ENTRIES PROVIDED —
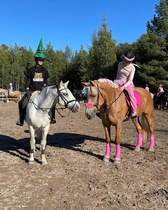 Juniorihubertus 2022. Kuva Ronja.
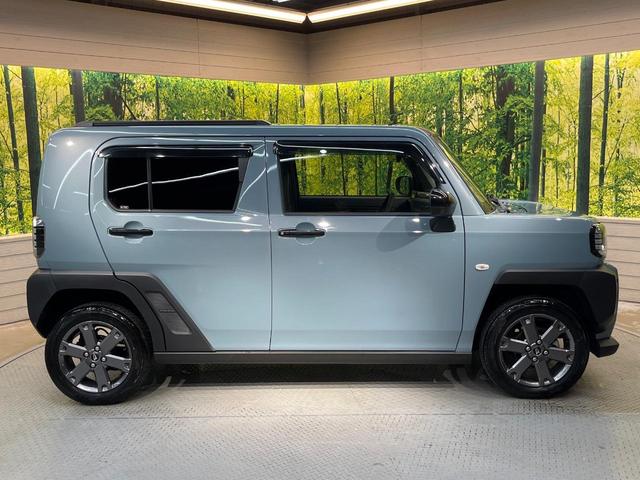 タフト Ｇターボ　ガラスルーフ　純正ＳＤナビ　バックカメラ　衝突被害軽減システム　禁煙車　ドラレコ　コーナーセンサー　スマートキー　ＬＥＤヘッド　ビルトインＥＴＣ　クルコン　オートライト　オートエアコン（25枚目）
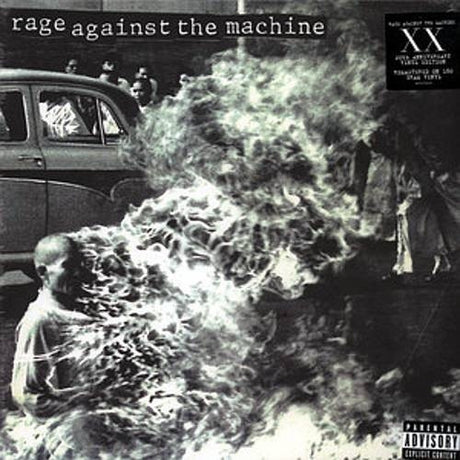 Rage Against The Machine Xx (20Th Anniversary), Rage Against The Machine, LP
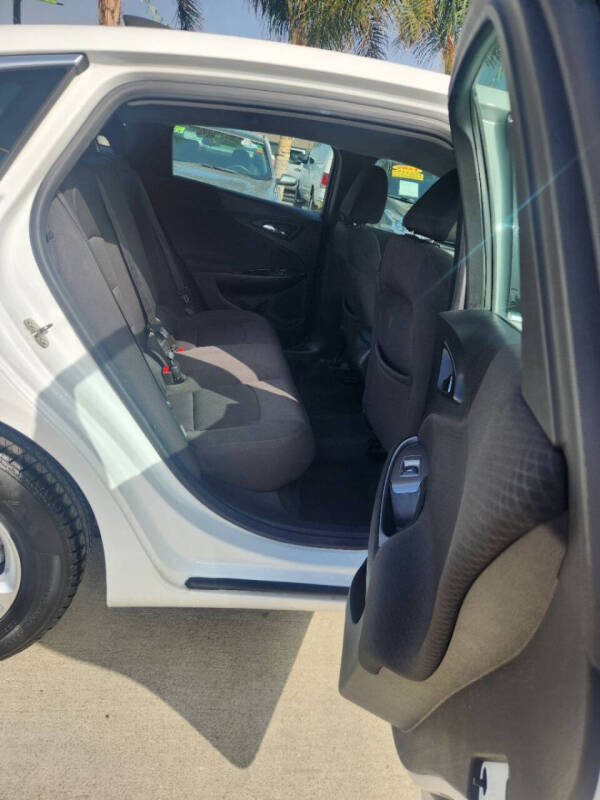 2019 Chevrolet Malibu LS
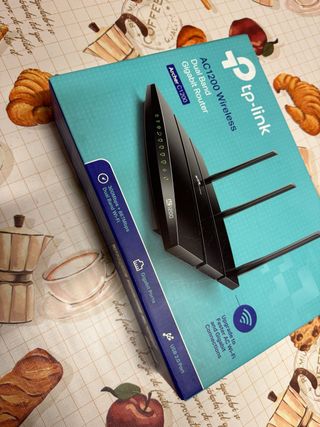 Router TP-Link AC1200 Dual Band Gigabit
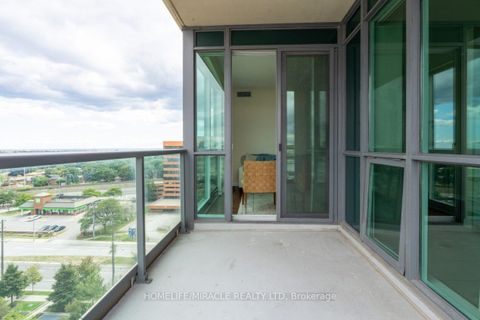 Photo 26 at 1205 - 225 sherway Gardens Road, City Centre West, Toronto
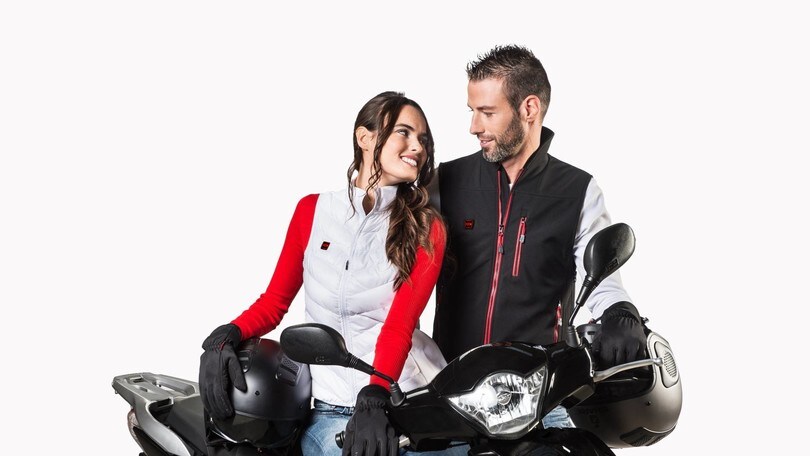 Capit lancia il nuovo gilet WarmMe, pensato per le donne
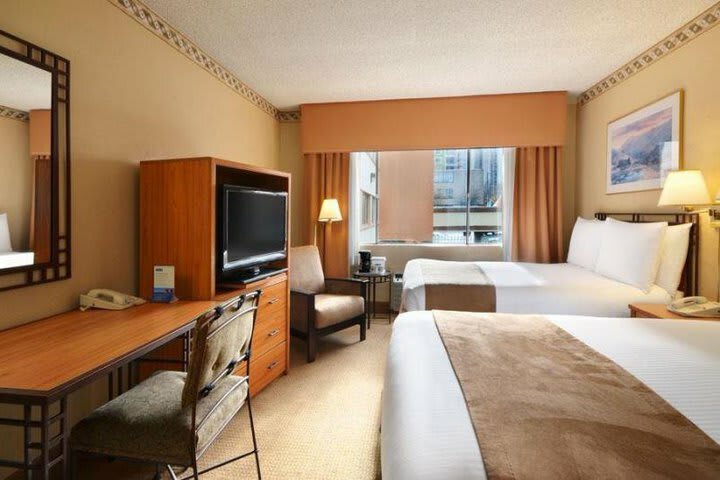 Hotel Travelodge By Wyndham Seattle By The Space Needle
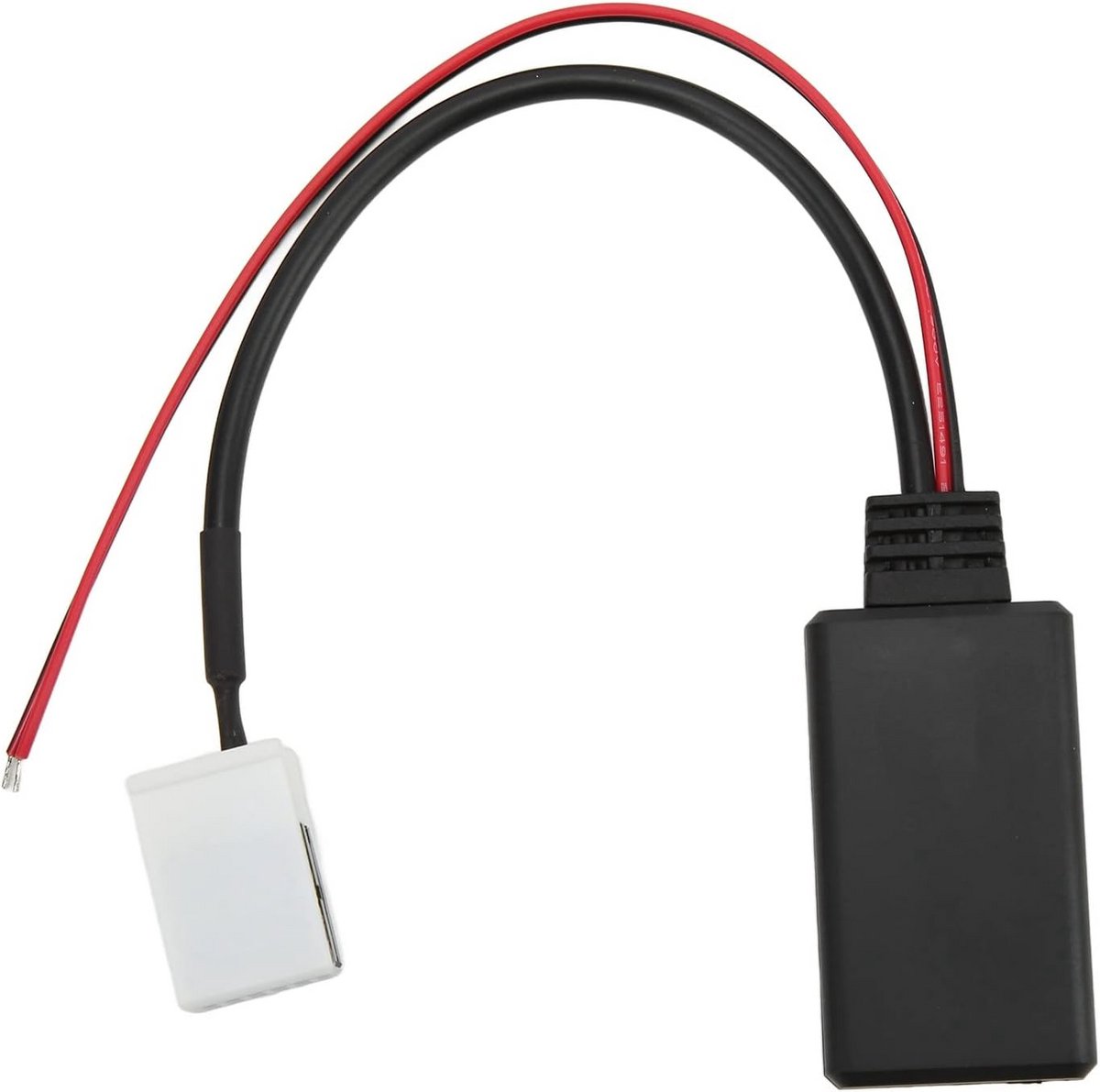 Bluetooth Audio Kabel Adapter 12Pin Voor Radio RD4 voor Citroen en Peugeot Modellen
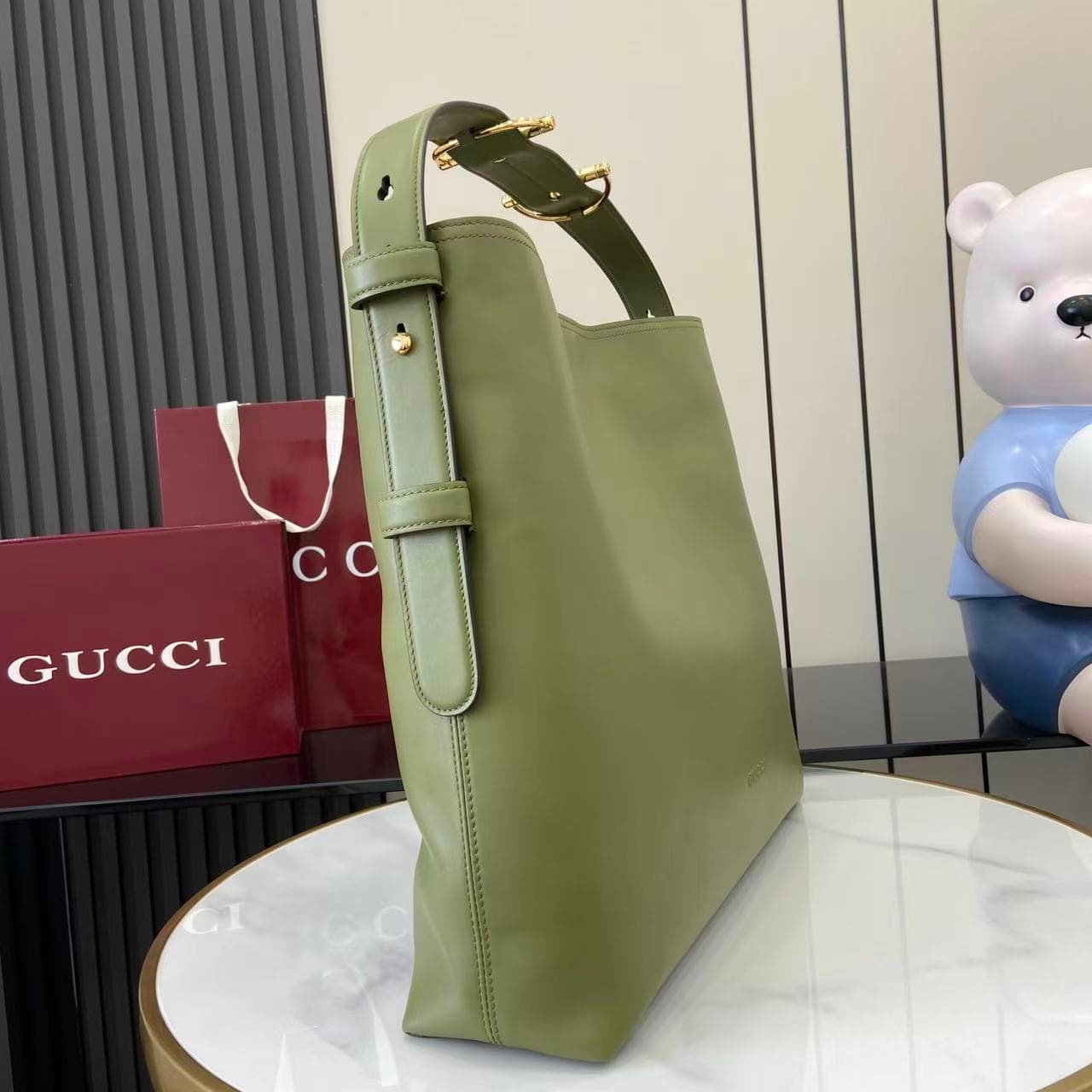 Gucci Green Bag 850546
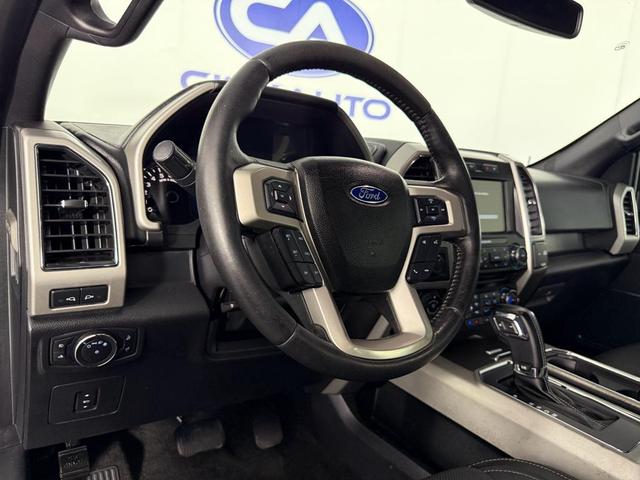 Photo of 2017 Magnetic Metallic Ford F-150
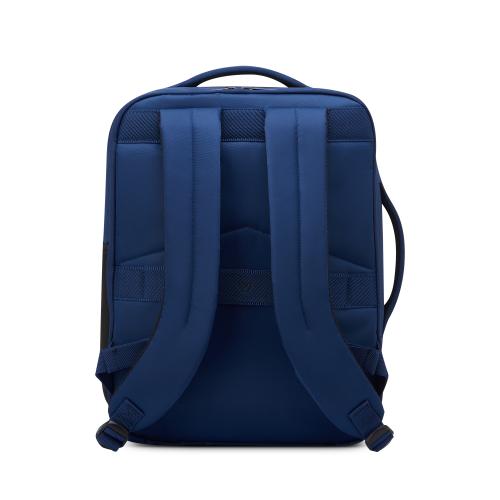 Zaino Da Viaggio Impermeabile 25L Uomo Donna - Leggero Con Tasca Porta Computer E Tasche Laterali - Blu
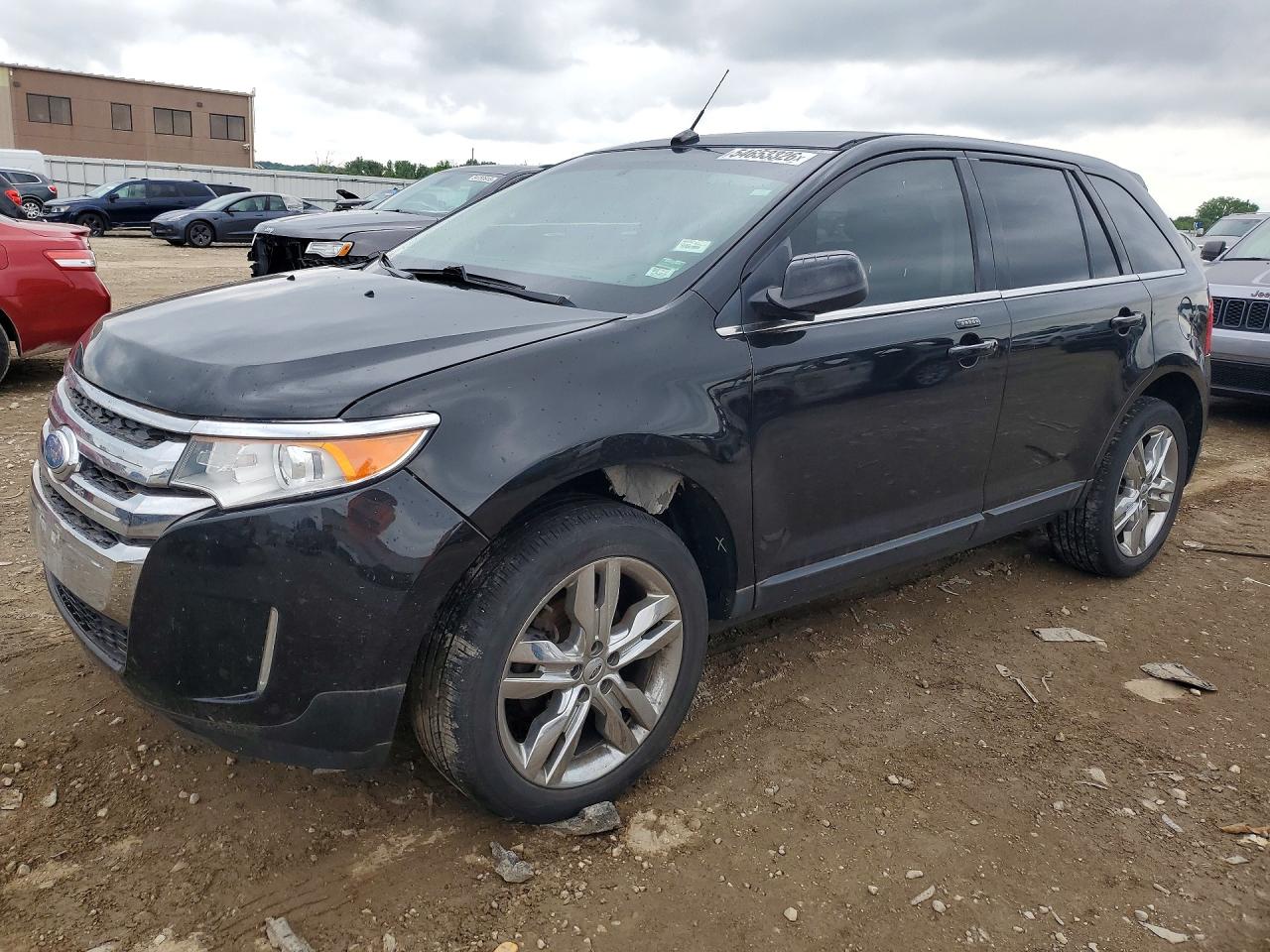 2014 FORD EDGE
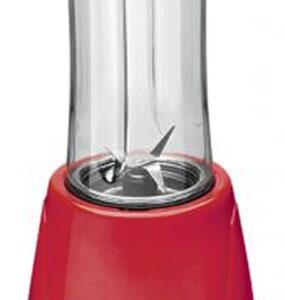 Liquidificadora Mini 250W 600 ml (Vermelho) - CLATRONIC
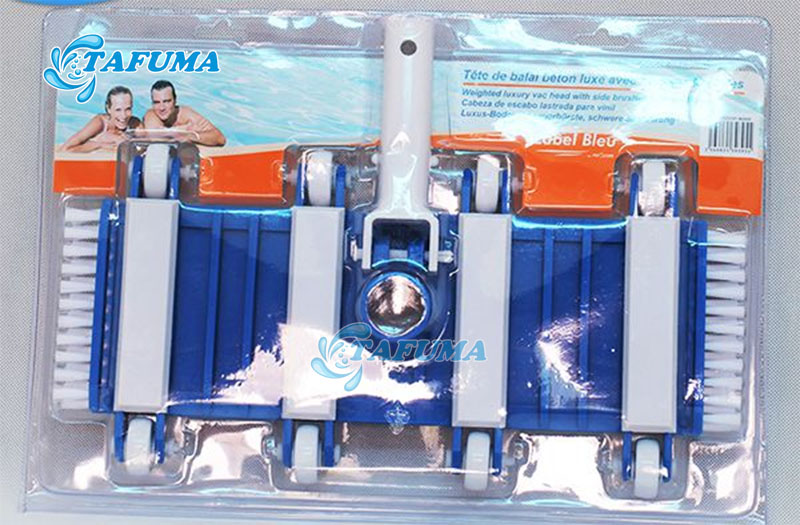 Bàn hút vệ sinh 8 bánh xe Procop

DESCRIPTION OF THE TASK — From the material above, set down each entry exactly, but exclude the pictures.

SOLUTION FOR THIS TASK —
 Juniorihubertus 2022. Kuva Ronja.
 タフト Ｇターボ　ガラスルーフ　純正ＳＤナビ　バックカメラ　衝突被害軽減システム　禁煙車　ドラレコ　コーナーセンサー　スマートキー　ＬＥＤヘッド　ビルトインＥＴＣ　クルコン　オートライト　オートエアコン（25枚目）
 Rage Against The Machine Xx (20Th Anniversary), Rage Against The Machine, LP
 2019 Chevrolet Malibu LS
 Router TP-Link AC1200 Dual Band Gigabit
 Photo 26 at 1205 - 225 sherway Gardens Road, City Centre West, Toronto
 Capit lancia il nuovo gilet WarmMe, pensato per le donne
 Hotel Travelodge By Wyndham Seattle By The Space Needle
 Bluetooth Audio Kabel Adapter 12Pin Voor Radio RD4 voor Citroen en Peugeot Modellen
 Gucci Green Bag 850546
 Photo of 2017 Magnetic Metallic Ford F-150
 Zaino Da Viaggio Impermeabile 25L Uomo Donna - Leggero Con Tasca Porta Computer E Tasche Laterali - Blu
 2014 FORD EDGE
 Liquidificadora Mini 250W 600 ml (Vermelho) - CLATRONIC
 Bàn hút vệ sinh 8 bánh xe Procop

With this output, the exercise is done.